Fiscal reality has hit Netflix, its share price has fallen by 72% in the past 12 months.
Also crying must be Steve Carell, who was being paid $1m per episode for the now DCM’d Space Force.
Parliamentary expense allowances are meant to be used on expenses related to official duties.
It makes Wry & Dry wonder what official duties French MP Coralie Dubost was undertaking, so that she spent more than EUR2,000 per month on lingerie and clothing. She was seen as a rising star in Macron De Gaulle’s La République En Marche! party. What caused her star to rise?
Wry & Dry can reveal, so to speak, that the average French woman aged between 15 and 24 spends EUR200 p.a. on lingerie.
Perhaps her spending is just that of a statistical outlier.
Snippets from all over
1. Abortion decision to turn political
A backlash over US Supreme Court’s draft abortion ruling offers an opportunity for Democrats in November mid-term elections. (Financial Times)
Wry & Dry comments: The Democrats were going to be dead in the water in both the House and Senate after November’s mid-term elections. But if the alleged draft abortion ruling is realised Democrats will have a cause for which to fight.
2. Qantas orders long-distance
Australian airline Qantas Airways has ordered a dozen aircraft to offer customers some of the world’s longest passenger flights from Sydney to London and New York by 2025. (New York Times)
Wry & Dry comments: So, it’s come to this: SYD/LHR, and not MEL/LHR. Clearly the CEO of Qantas thinks that Victorians will be so impoverished by 2025 that they will not be able to afford the extra costs of the non-stop flight. It will be MEL/DRW/SIN/BOM/BAH/FCO/LHR on a Boeing 707.
3. Wind power companies in record tender
The US’s biggest offshore wind lease sale attracted record bids of more than $4bn, outstripping any oil and gas auction in American waters, as renewable energy developers compete to secure a prime location to install turbines. (Financial Times)
Wry & Dry comments: What a great way to reduce the budget deficit! For the 488,000 acres auctioned, that is about $9,000 per acre.
4. Germany warns EU of economic cost
Germany has warned that EU consumers should brace for a big economic hit and higher energy prices as Berlin said it was willing to back an embargo of Russian oil to punish Moscow for its war on Ukraine. (Financial Times)
Wry & Dry comments: The problems of weaning off Russia are now becoming real: EU member states are still split. Hungary said it would block a deal unless it could be guaranteed supplies from elsewhere; without a port it has few alternative sources.

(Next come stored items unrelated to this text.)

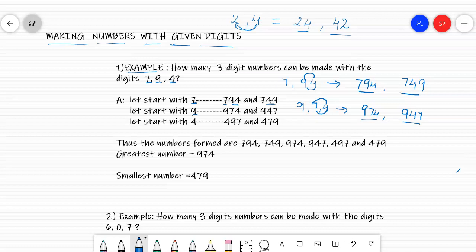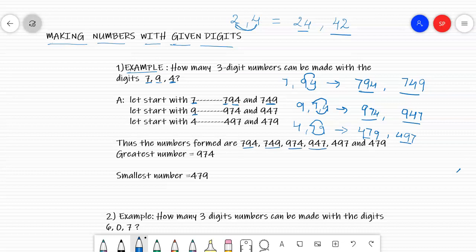Now let's start with the digit 4. You write 4 as it is, and you make 79 and 97 with the remaining digits. So you have made 479 as one number and 497 as the other. With these three digits we can make 6 numbers: 794, 749, 974, 947, 497, and 479.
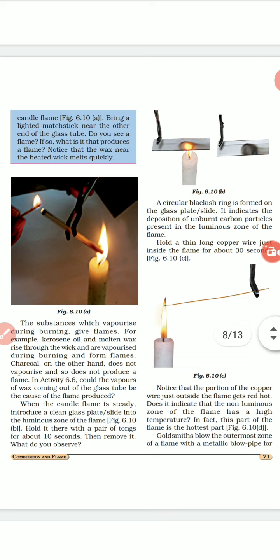Hold a four to five centimeter long thin glass tube with a pair of tongs and introduce one end into the dark zone of the candle flame. Bring a lighted matchstick near the other end of the glass tube. Do you see a flame caught at this end? If so, what is it that produces a flame?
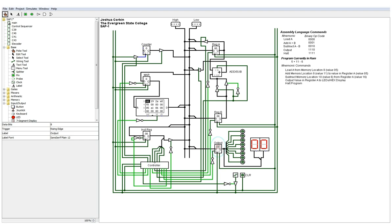This is a demo of my SAP 1 logic computer. I used Logisim to build this, and it's this really awesome program that allows you to build logic circuits and just logic-based computers. It's really cool. I highly suggest it.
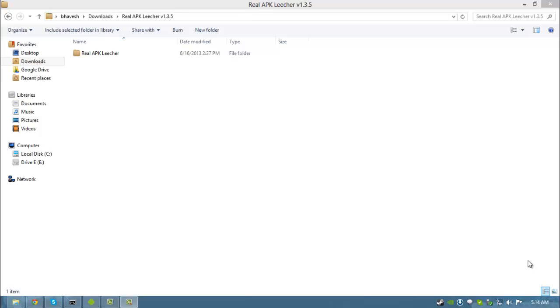Hello everyone, this is the third tutorial from Android GT explaining how you can download APK files directly from Google Play Store to your computer.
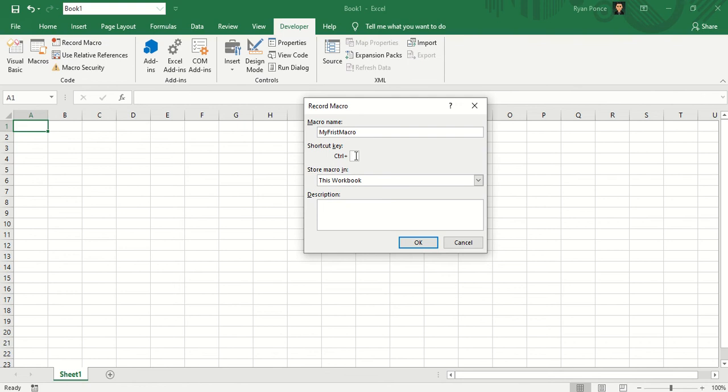Shortcut key, I'll put Ctrl-Shift-G. Now, you have to be very careful with the shortcut key because you might be using an existing shortcut key in Excel. Ctrl-N for example will create a new workbook. So you might want to avoid using N or you can use any other letters and just combine it with Ctrl-Shift and the letter.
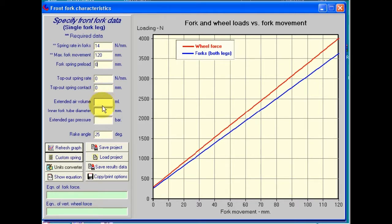Here we can enter in details about the volume of air remaining in the forks after the oil has been added. For instance, we have a fork leg diameter of 43 mm. The extended air volume means the volume above the oil level when the forks are fully extended. Let's put in a value of 190 here.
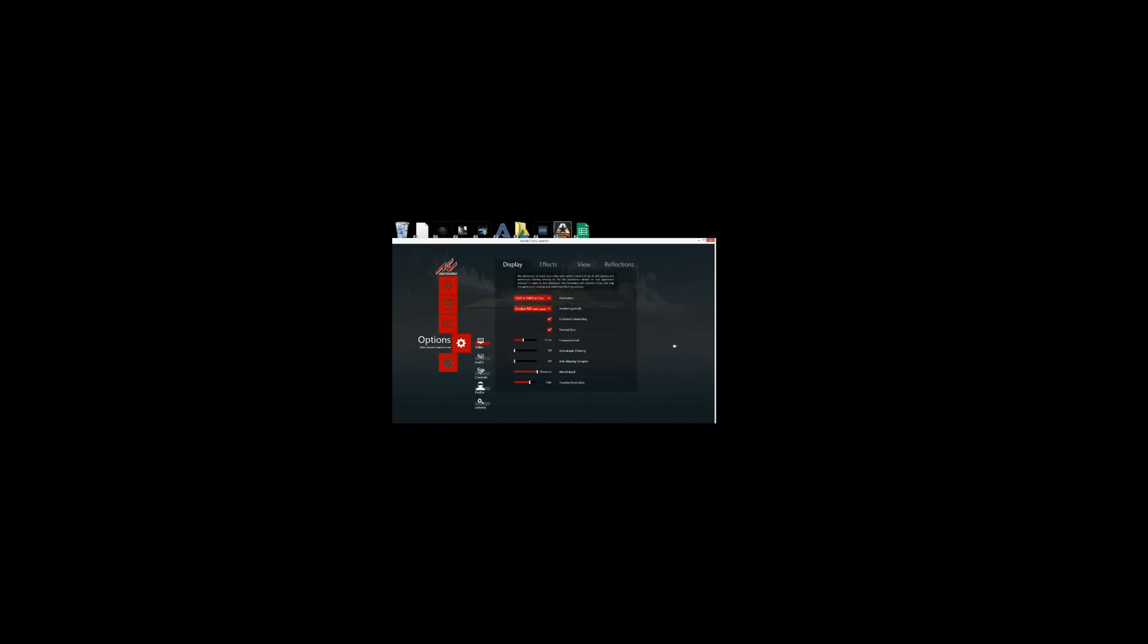So one last thing you want to make sure is you want to make sure that your video settings are set to 1920x1080. Oculus Rift is checked. And then you are good to go.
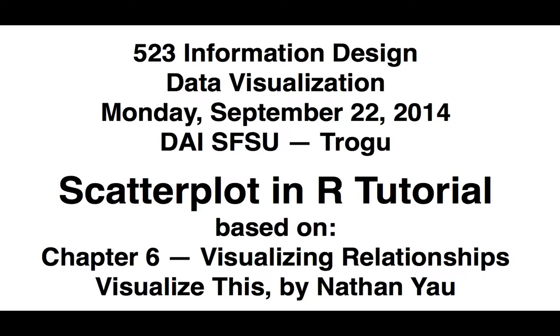This is a tutorial on how to make a scatterplot in R. It's based on chapter 6, Visualizing Relationships, in the book Visualize This by Nathan Yau. It's part of the data visualization class at San Francisco State University, taught by Professor Trogo. This segment was taped on Monday, September 22nd, 2014.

5. Woodstock of capitalism is back
Thousands of Berkshire Hathaway shareholders and other investors flocked to Omaha, Nebraska, this weekend to hear Warren Buffett and Charlie Munger speak at an event known as the “Woodstock of Capitalism”. (Wall Street Breakfast)
Wry & Dry comments: While the S&P 500 has dropped more than 13% YTD, Berkshire’s stock is up more than 7%.

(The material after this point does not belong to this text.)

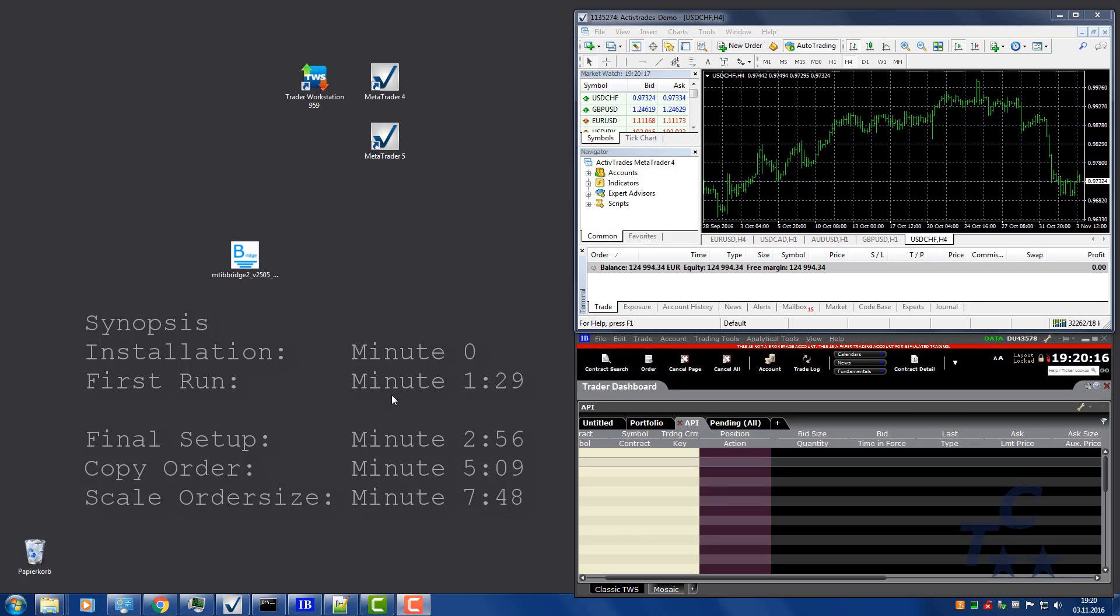Hello, this is a video tutorial about the installation and setup of the MetaTrader Interactive Brokers Bridge, short MTIB Bridge.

- ANZ bank’s measure of Australian consumer confidence fell sharply to 90.7 from 96.5.
- The Chinese April manufacturing index fell sharply to 47.4 from 49.5.
- The Bank of England raised interest rates by 0.25% points to 1%.
- Turkey’s inflation rate hit 70% in the 12 months to April.
- European Central Bank board member said, “The European economy is de facto stagnating.”
And, to soothe your troubled mind…
“As much as they respect the former KGB man [Putin] for being a strong leader, the Russian general staff are going to be made scapegoats for his mess.”
An unnamed Russian cabinet minister, pontificating on who is going to get the blame for Tsar Vlad’s adventurism.
Perhaps the word Lubyanka (the prison where ‘interrogations’ by the KGB took place) will resume occupancy not seen since the days of Stalin.
PS The comments in Wry & Dry do not necessarily reflect those of First Samuel, its Directors or Associates.